- _Requirement_: Report only the number of lines in this material that include the string "from".

(Records for the exercise Opens)

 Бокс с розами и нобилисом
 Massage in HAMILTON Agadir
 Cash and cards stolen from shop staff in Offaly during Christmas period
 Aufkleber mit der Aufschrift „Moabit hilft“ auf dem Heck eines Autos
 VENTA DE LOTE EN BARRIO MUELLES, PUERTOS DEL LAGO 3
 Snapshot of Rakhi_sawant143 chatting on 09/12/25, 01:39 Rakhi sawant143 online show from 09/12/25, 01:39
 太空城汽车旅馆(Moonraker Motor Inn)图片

(Records for the exercise Closes)
(Records for the exercise Opens)

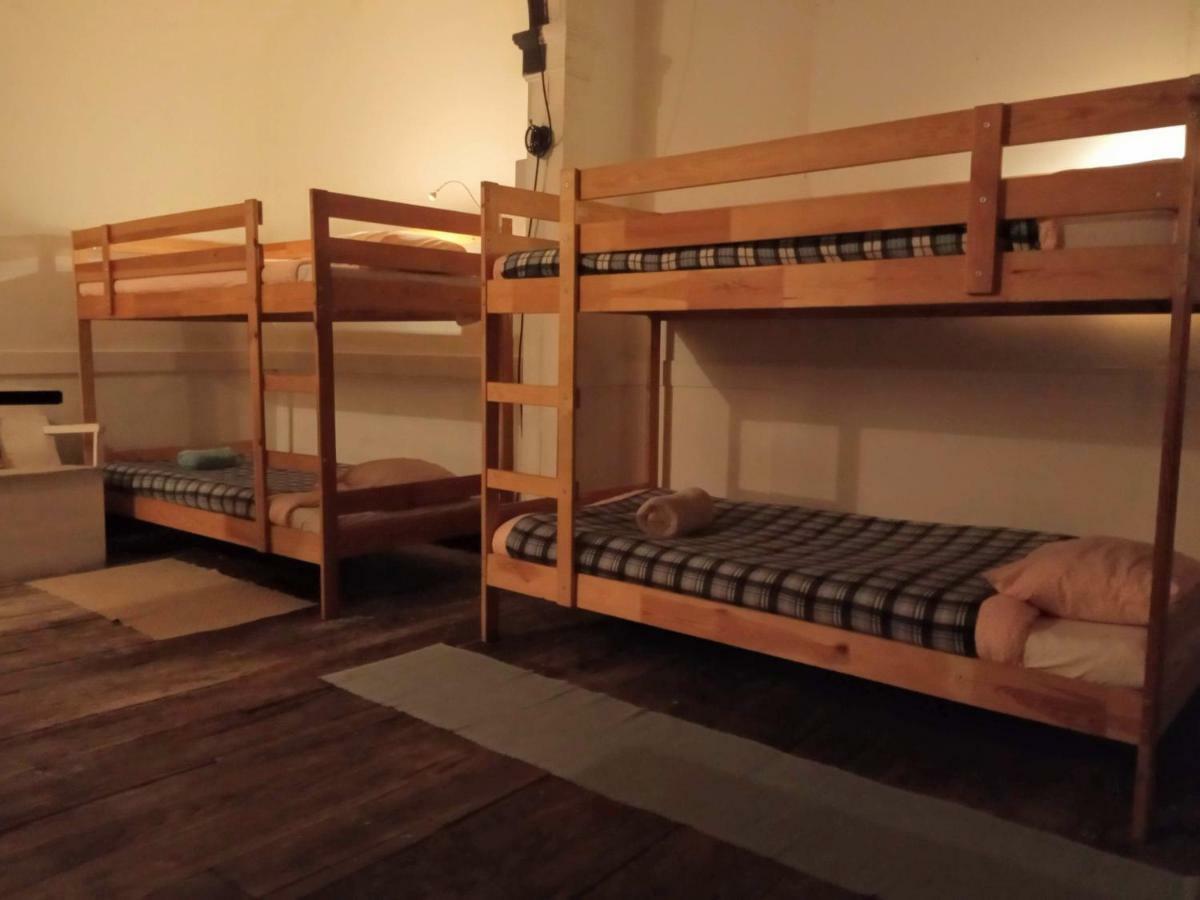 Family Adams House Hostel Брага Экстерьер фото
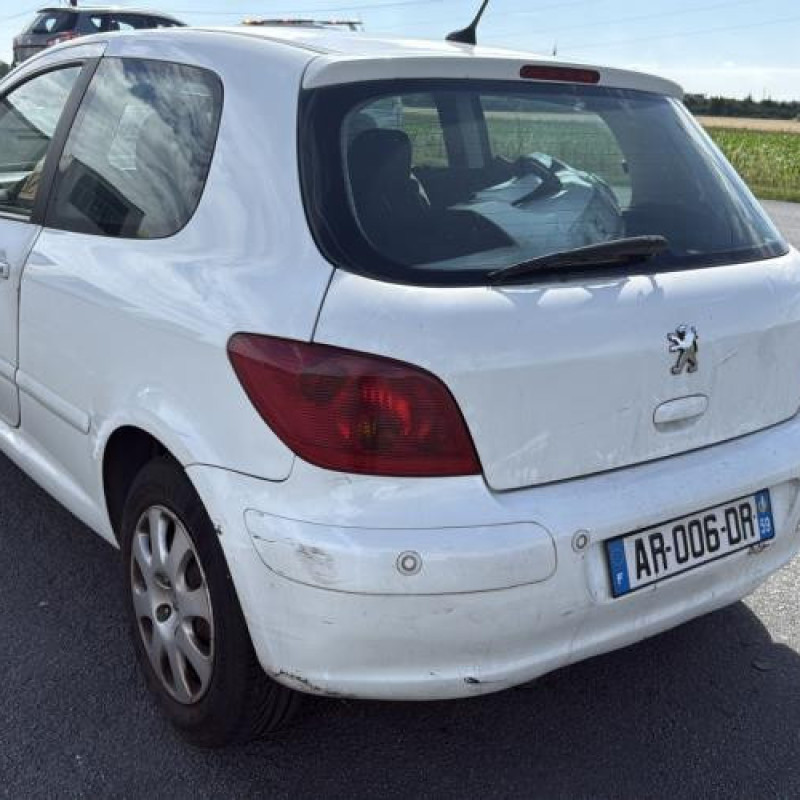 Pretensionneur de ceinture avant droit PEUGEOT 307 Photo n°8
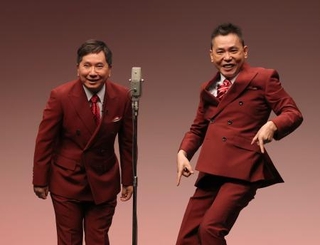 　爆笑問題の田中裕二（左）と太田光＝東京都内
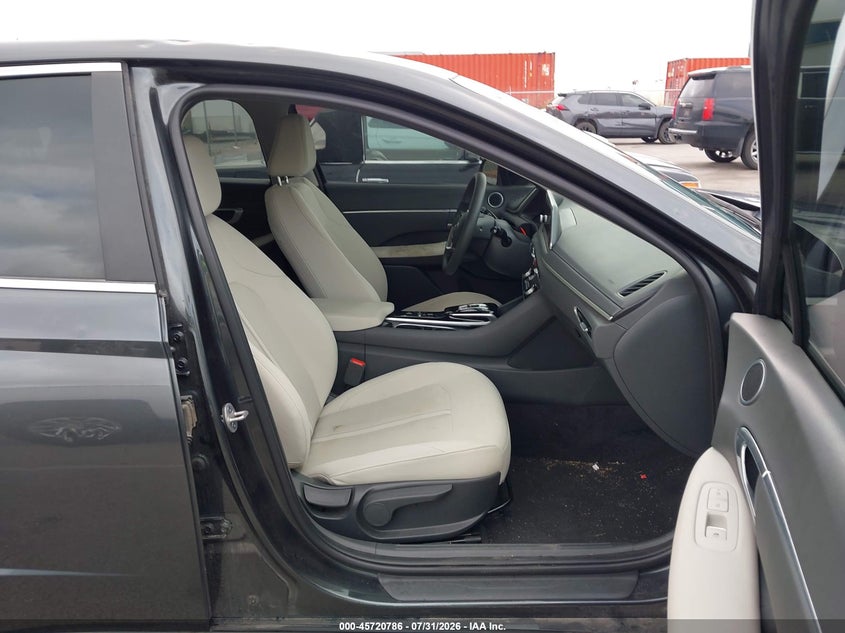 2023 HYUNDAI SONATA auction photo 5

(Records for the exercise Closes)

- _Task result_: 2